This is part of a scheme which, when announced in 2013, we were told would cost £875 million and be completed by 2018.

But last November we learnt that the cost had tripled to £2.8 billion and it would not be finished until 2024. Part of the reason for this soaring bill and six-year delay was that no one had foreseen the difficulty of “upgrading” Brunel’s Box Tunnel and other structures along the line to accommodat­e the necessary electrical infrastruc­ture.

So when the new trains being built for the Great Western Railway by a Japanese company in Italy come into service this October, they will be what is known as “bi-mode”: running on diesel until they can switch over to electric when work is complete. And much more commodious they will be, I am told, able to carry 20 per cent more passengers and cut journey times by as much as six minutes.

But the bit of the story which is missing lies in the Government’s intention that, within 15 years or so, all our railway system should be electrifie­d. This is to help meet the Climate Change Act’s requiremen­t that Britain cut its CO2 emissions by 80 per cent before 2050.

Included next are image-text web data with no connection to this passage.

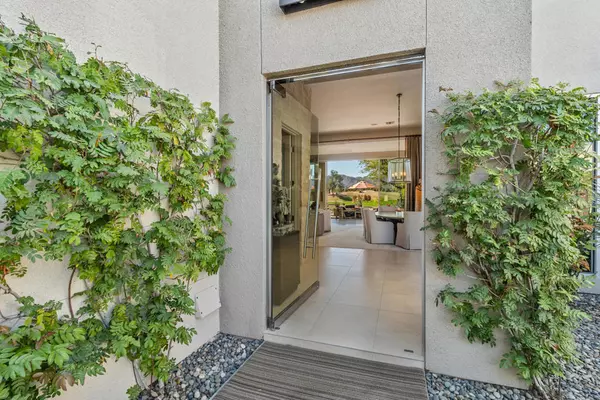 Rancho Mirage, CA 92270,81 Royal Saint Georges WAY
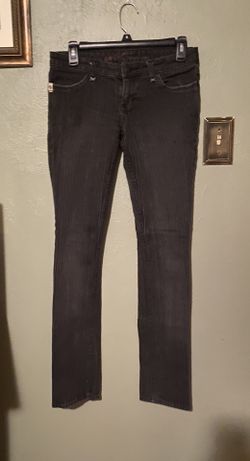 Junior’s skinny jeans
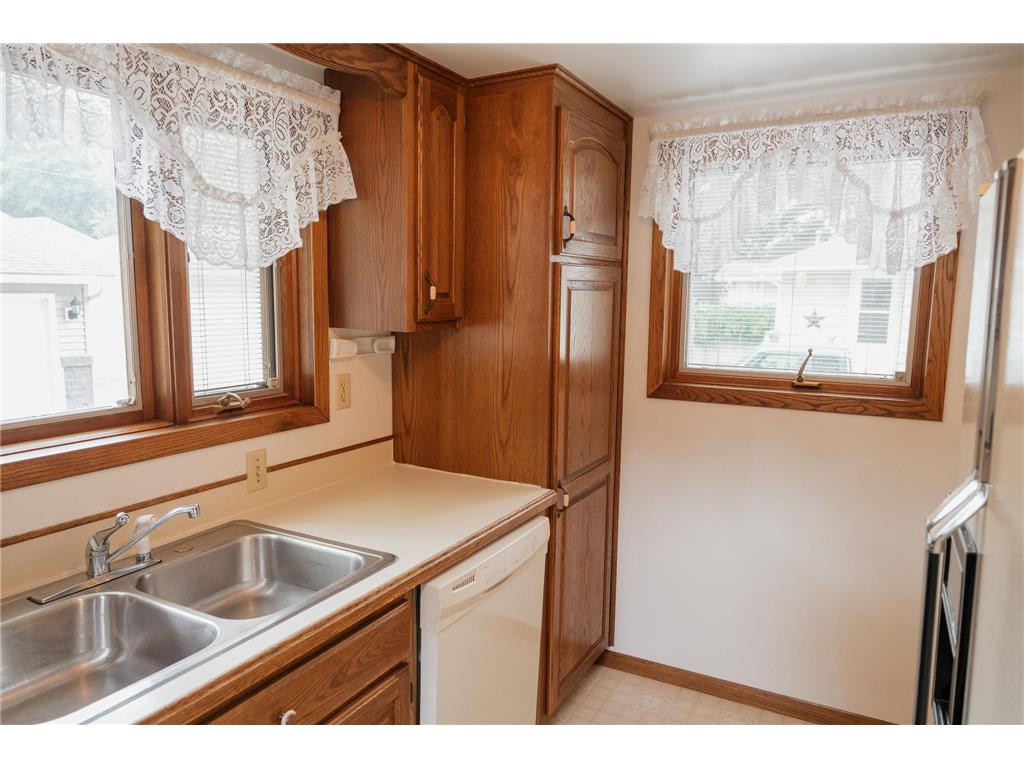 223 W 10th Street Fairmont MN 56031 6759714 image5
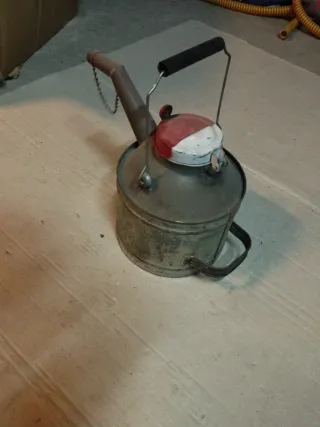 Tanica in latta con beccuccio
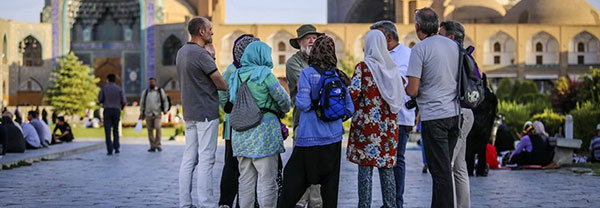 چند و چون برخورد با گردشگران خارجی
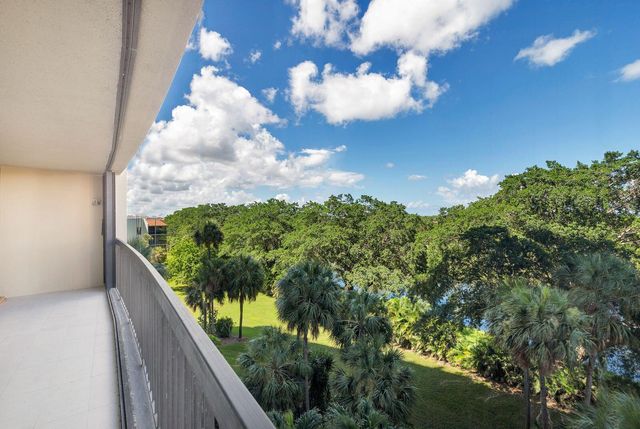 2450 Presidential Way 505, West Palm Beach, FL 33401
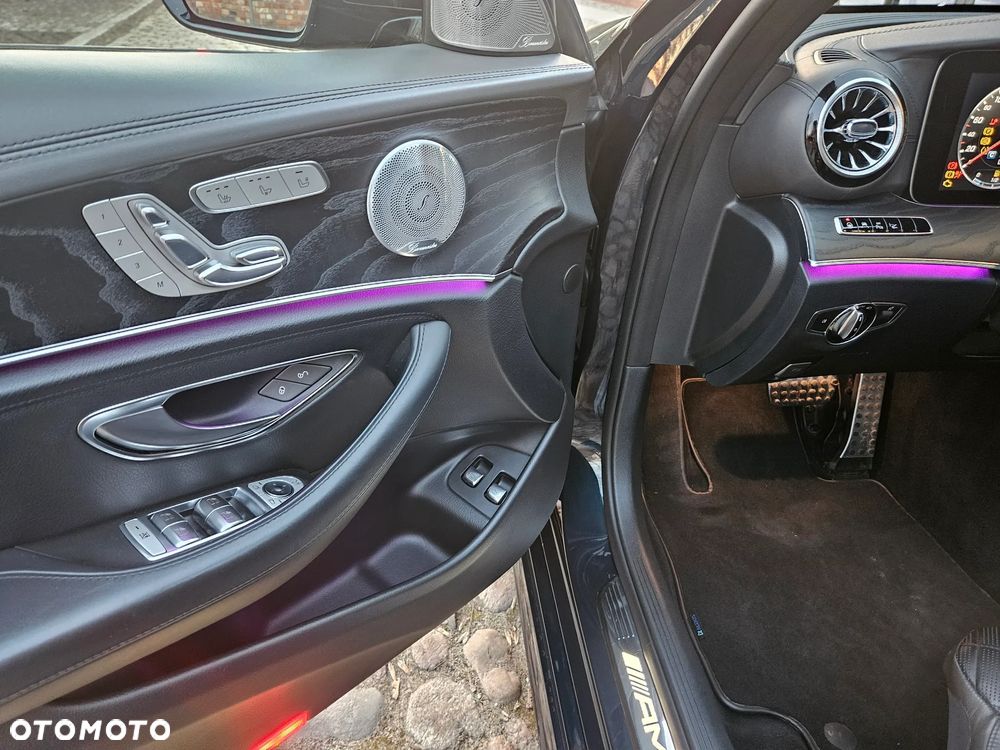 Mercedes-Benz Klasa E 400 4Matic 9G-TRONIC AMG Line - 19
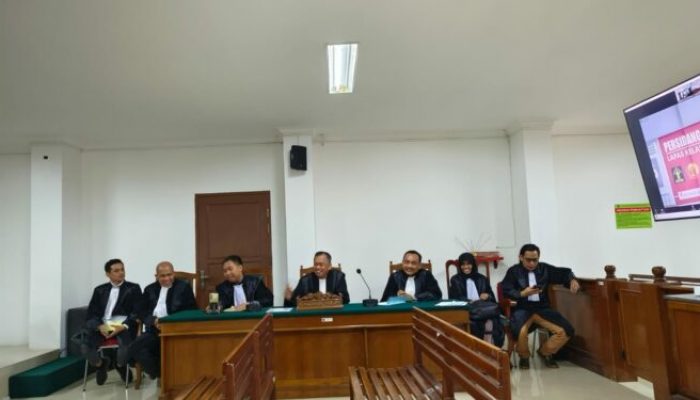 Pengadilan Tipikor Makassar Sidang Pembacaan Duplik Terdakwa HYL Cs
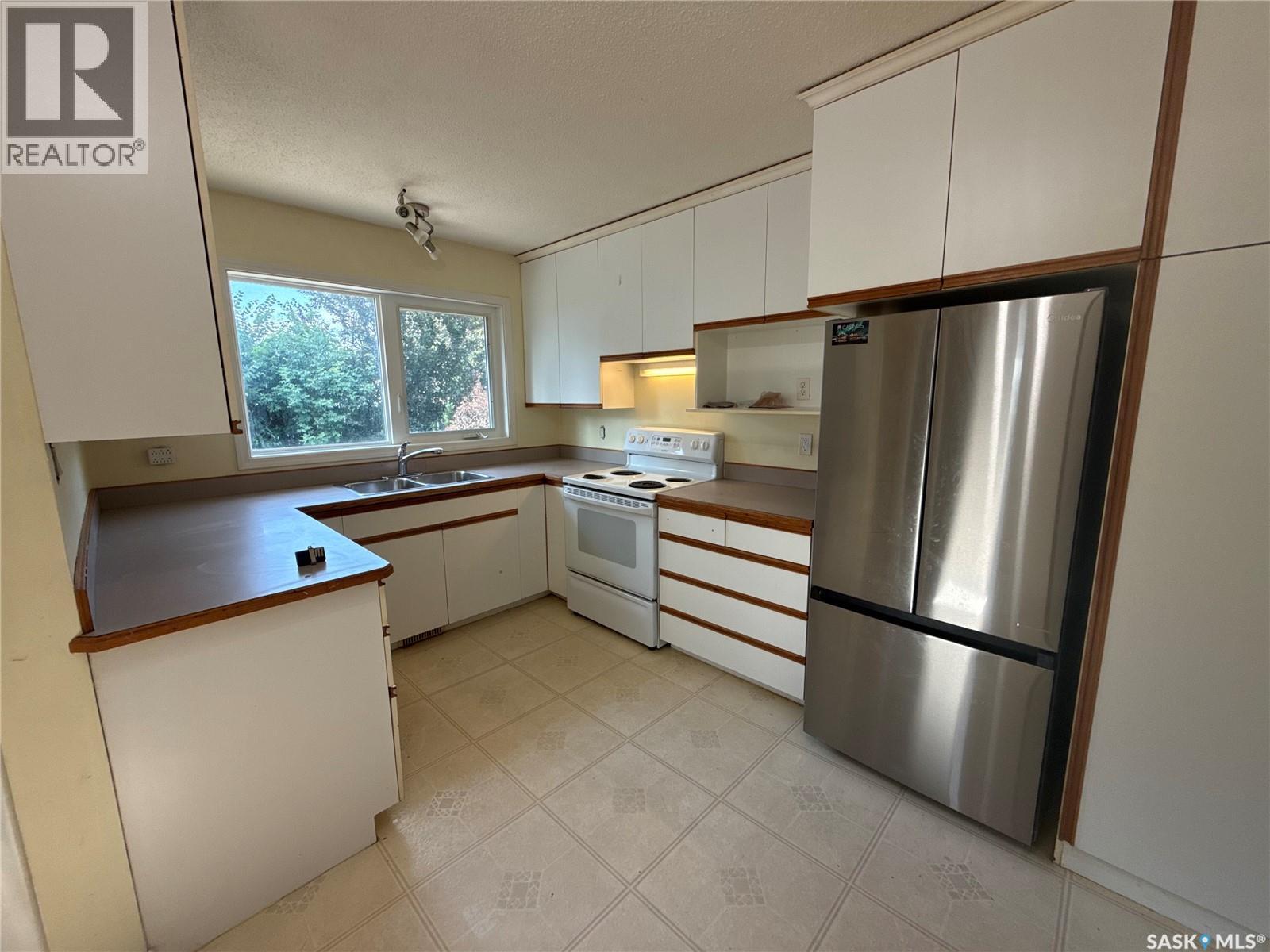 68 Wentworth Crescent, Saskatoon, Saskatchewan  S7L 4A9 - Photo 6 - SK042004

Apparently this can only be achieved by switching from gas to electricit­y for our cooking and heating, from petrol to electricit­y for 60 per cent of the cars on our roads, and from diesel to electricit­y for 100 per cent of our trains.

All this, of course, will require a huge expansion in our electricit­y supply. And if you ask the Government where all this “zerocarbon” electricit­y is to come from, they will tell you that it can’t possibly come from the dirty old fossil fuels which still currently provide more than half our electricit­y (unless power stations are fitted with “carbon capture and storage”, which has never been shown to work on such a scale).

Virtually all of it therefore will have to come from “renewables”, such as wind, solar and burning waste and wood: plus, of course, those new nuclear power stations the French and the Chinese are meant to be building for us, but which now seem to be like the ever-receding mirage of an oasis in the desert.

We may imagine the day when passengers arriving at Paddington wishing to travel down to Bath in those agreeable new trains will be told: “The train now standing at Platform 8 will leave when the wind starts blowing again, and the sun comes out from behind those clouds.”